WHAT IS NEEDED:
Once you find the line with "ネイル 長さ出し グラデーション" in the data below, transcribe exactly each line from there to the line with "Stickad tröja - Säljer", inclusive, and nothing else. Drop the pictures.

== SOURCE RECORDS

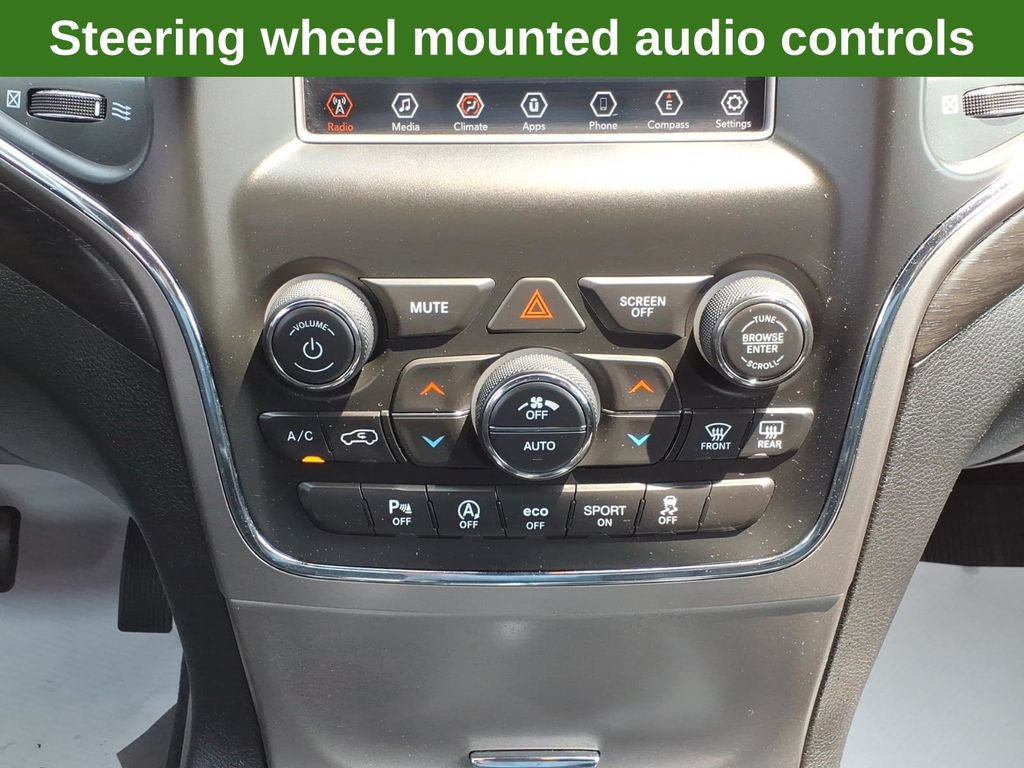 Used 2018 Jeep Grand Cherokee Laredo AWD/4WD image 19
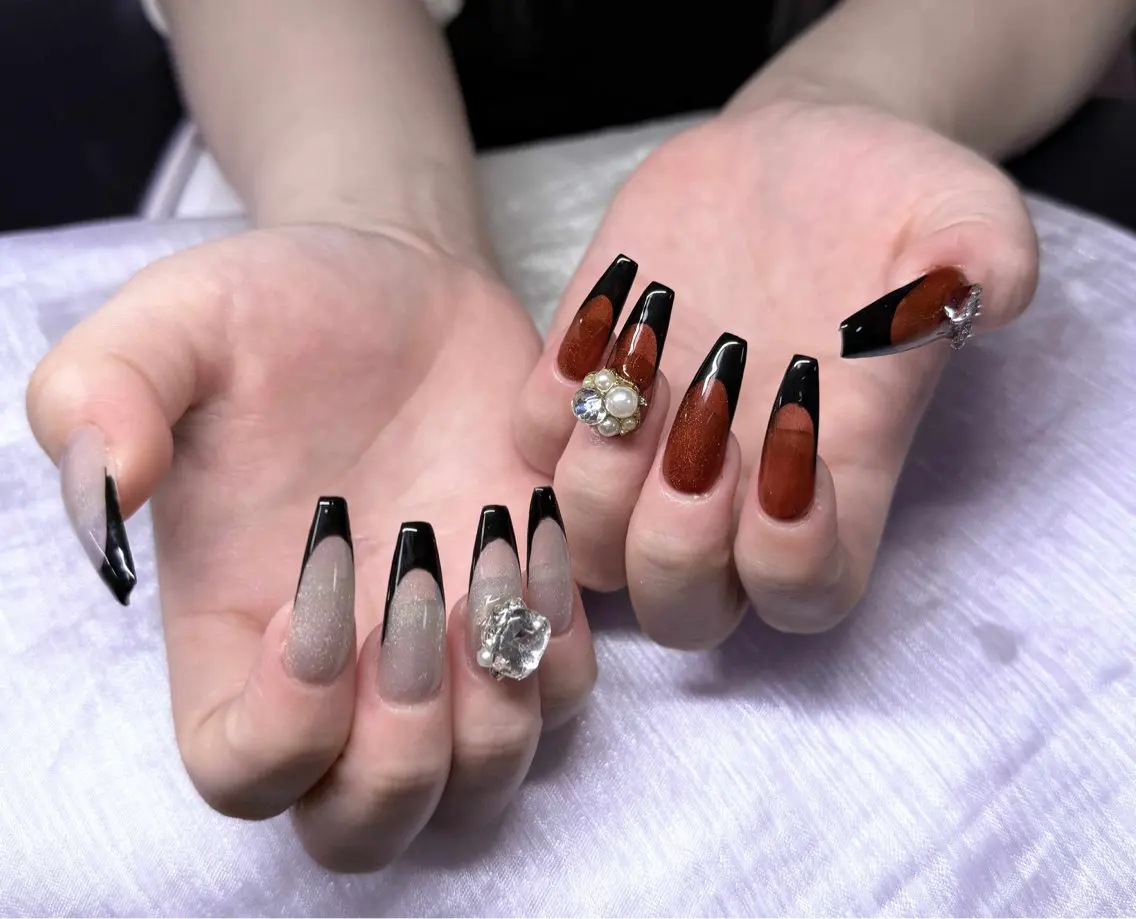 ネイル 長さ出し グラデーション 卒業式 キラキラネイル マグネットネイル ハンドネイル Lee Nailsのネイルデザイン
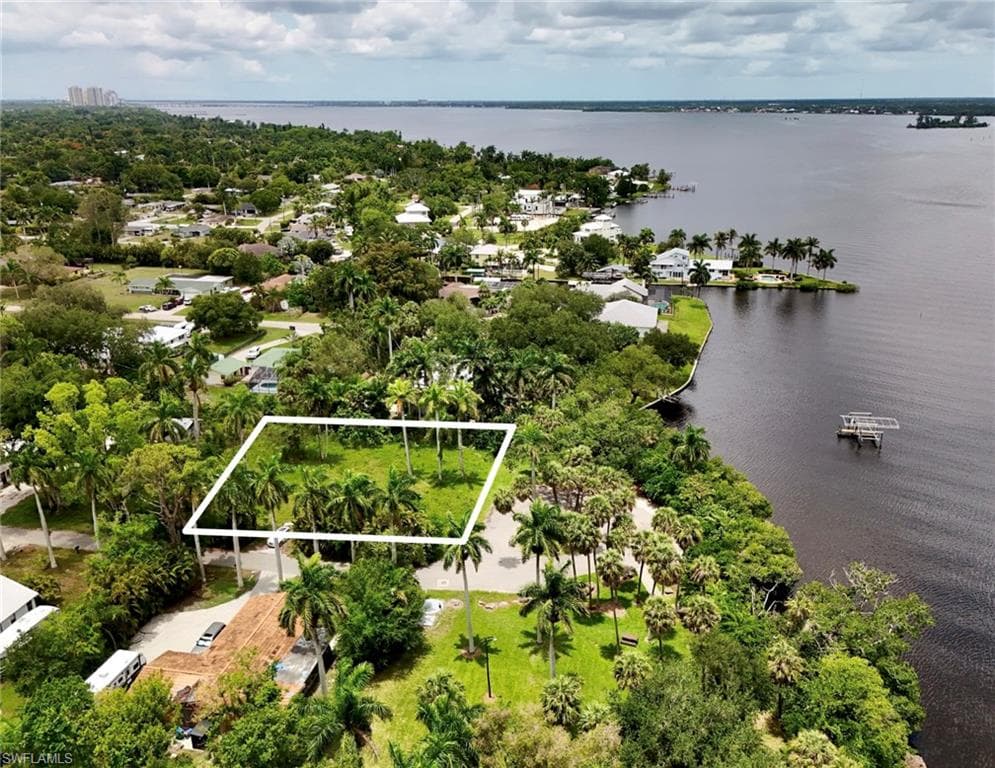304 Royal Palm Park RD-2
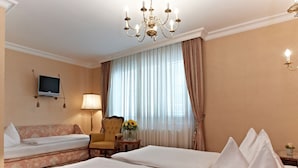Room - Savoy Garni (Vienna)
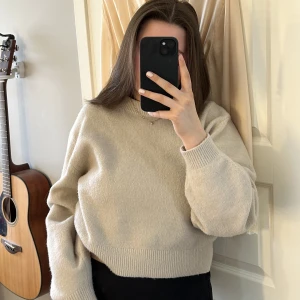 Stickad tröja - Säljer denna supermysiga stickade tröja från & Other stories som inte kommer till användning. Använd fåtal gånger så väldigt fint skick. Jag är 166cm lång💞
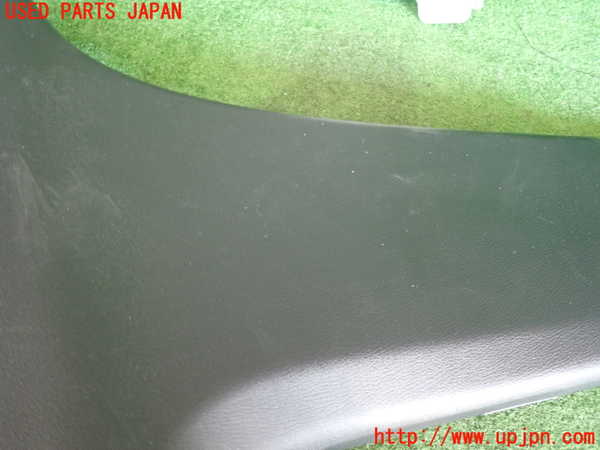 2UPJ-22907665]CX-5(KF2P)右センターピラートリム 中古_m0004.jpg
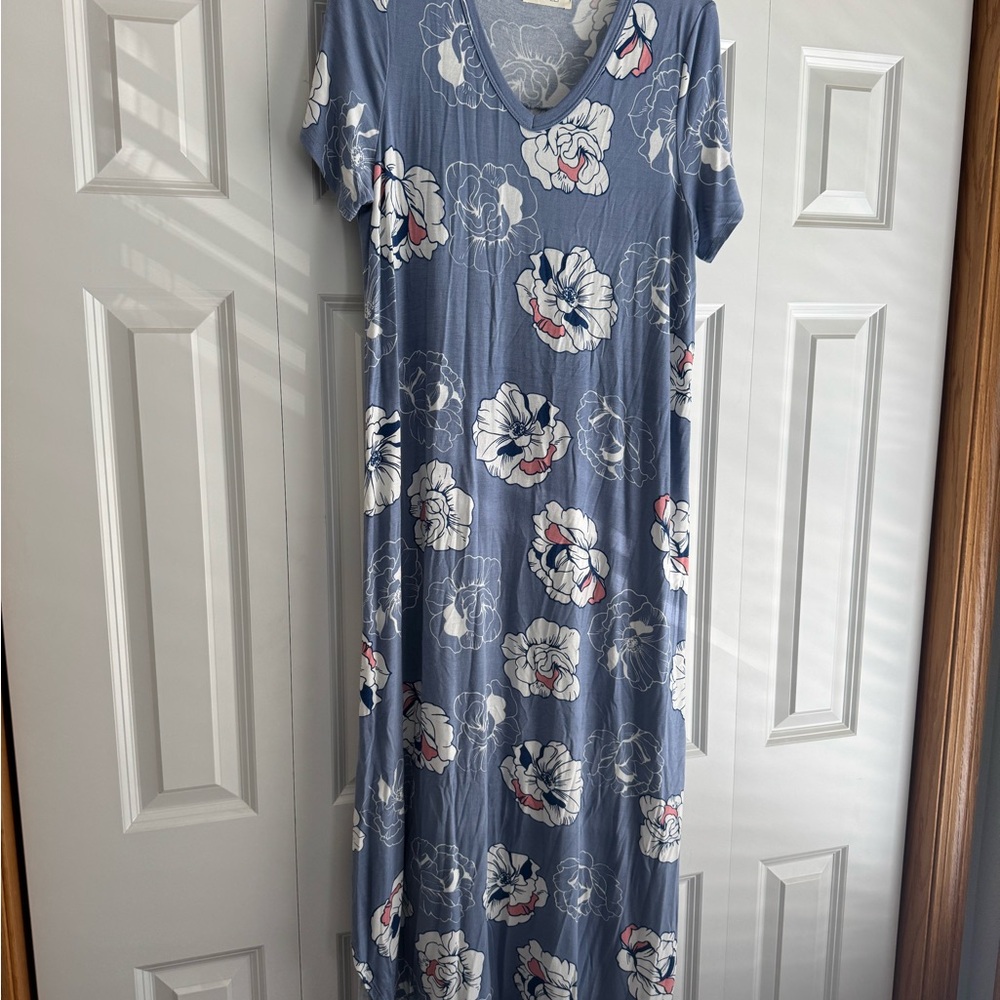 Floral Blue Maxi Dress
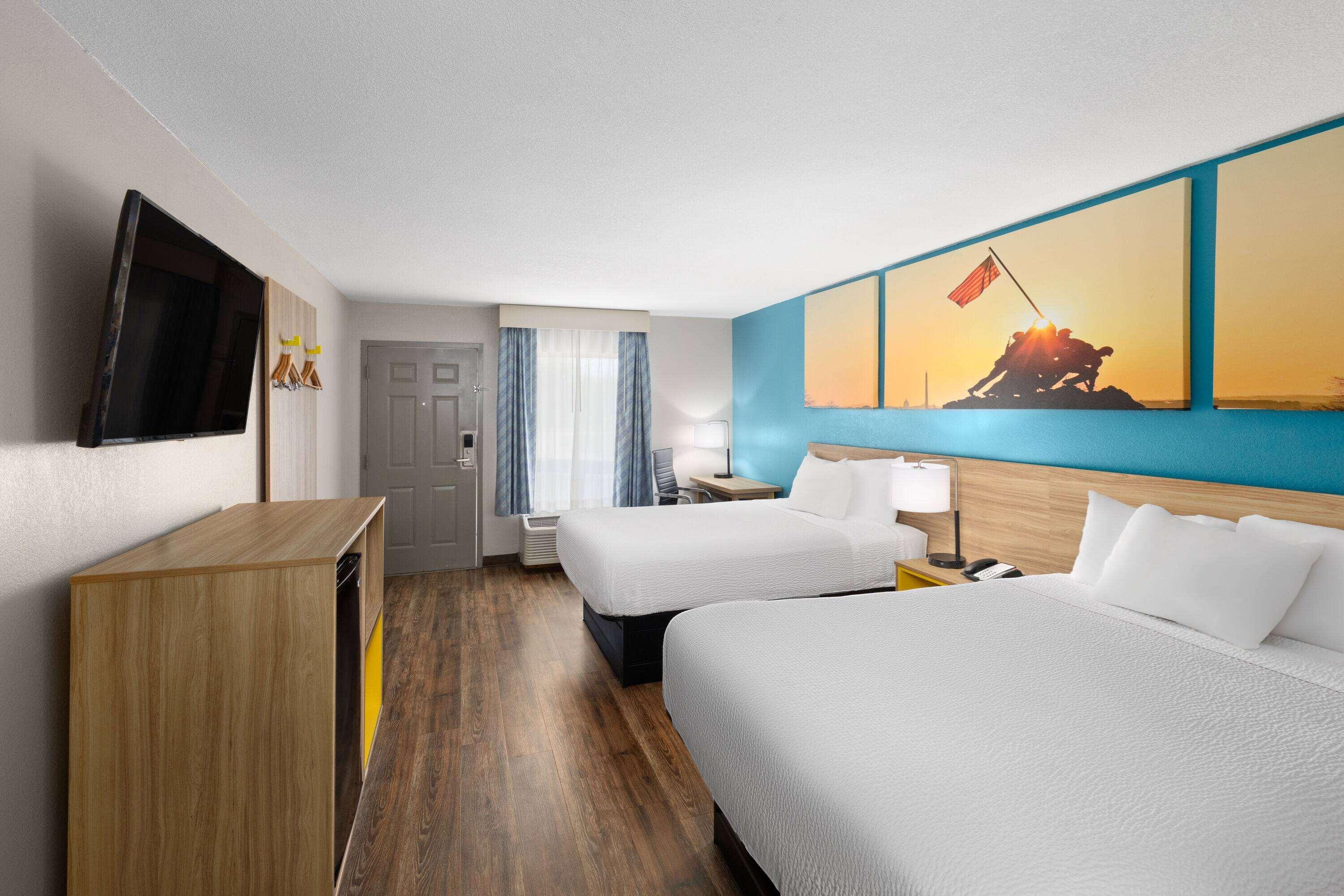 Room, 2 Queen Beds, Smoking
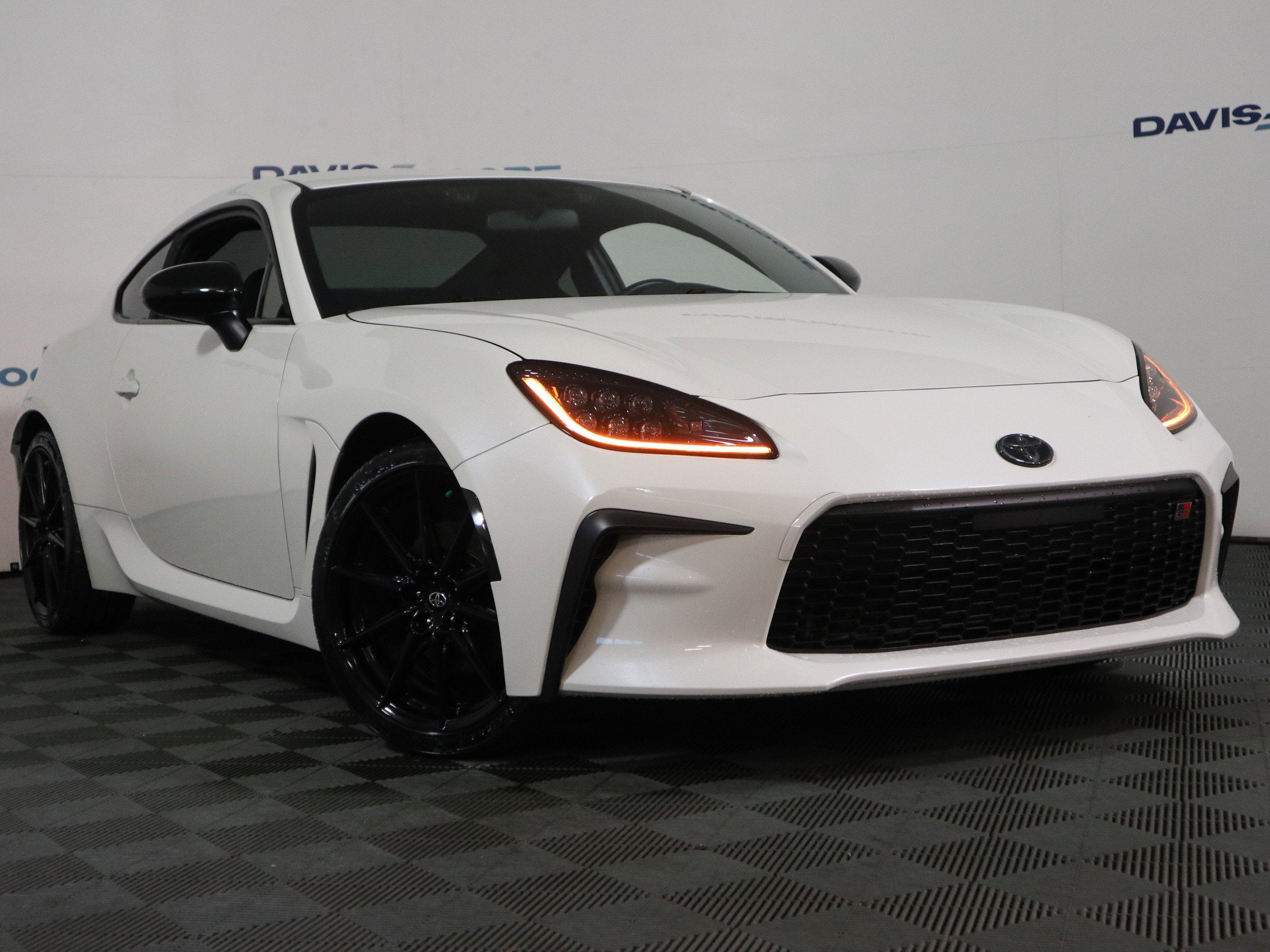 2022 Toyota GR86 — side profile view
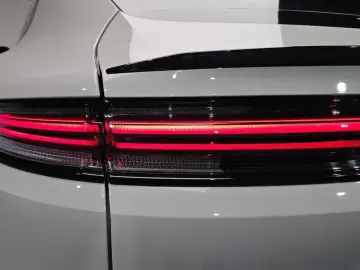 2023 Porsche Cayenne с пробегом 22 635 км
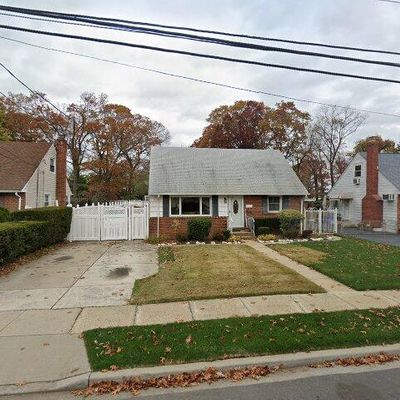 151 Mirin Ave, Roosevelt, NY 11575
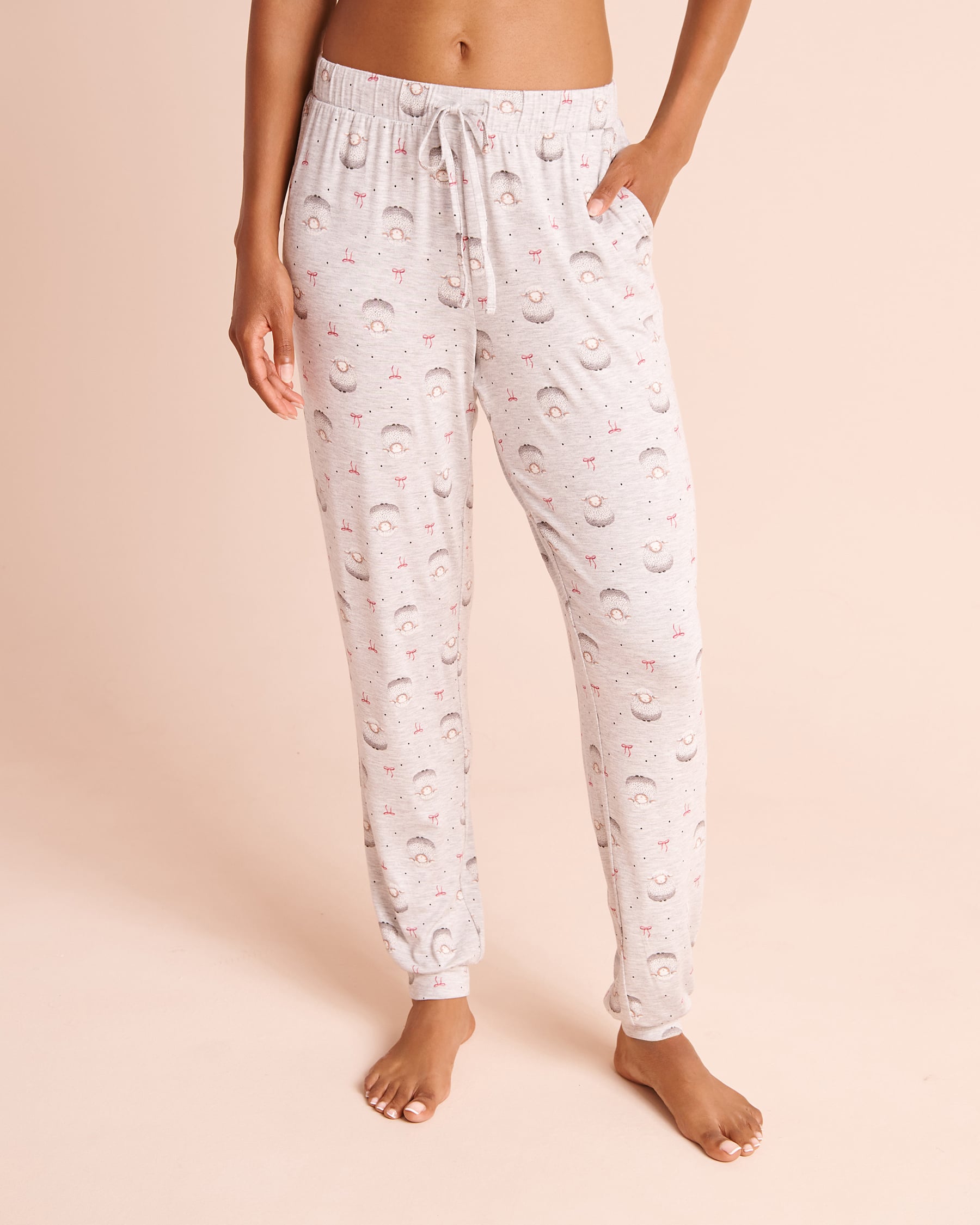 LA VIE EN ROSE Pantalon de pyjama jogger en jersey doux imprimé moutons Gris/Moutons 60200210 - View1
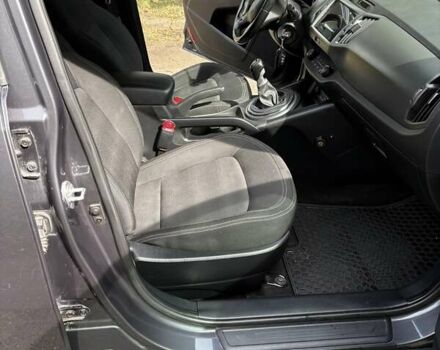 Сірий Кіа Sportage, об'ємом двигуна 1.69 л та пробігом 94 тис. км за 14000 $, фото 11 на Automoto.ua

====

SOLUTION TO THE EXERCISE:
 ネイル 長さ出し グラデーション 卒業式 キラキラネイル マグネットネイル ハンドネイル Lee Nailsのネイルデザイン
304 Royal Palm Park RD-2
Room - Savoy Garni (Vienna)
 Stickad tröja - Säljer denna supermysiga stickade tröja från & Other stories som inte kommer till användning. Använd fåtal gånger så väldigt fint skick. Jag är 166cm lång💞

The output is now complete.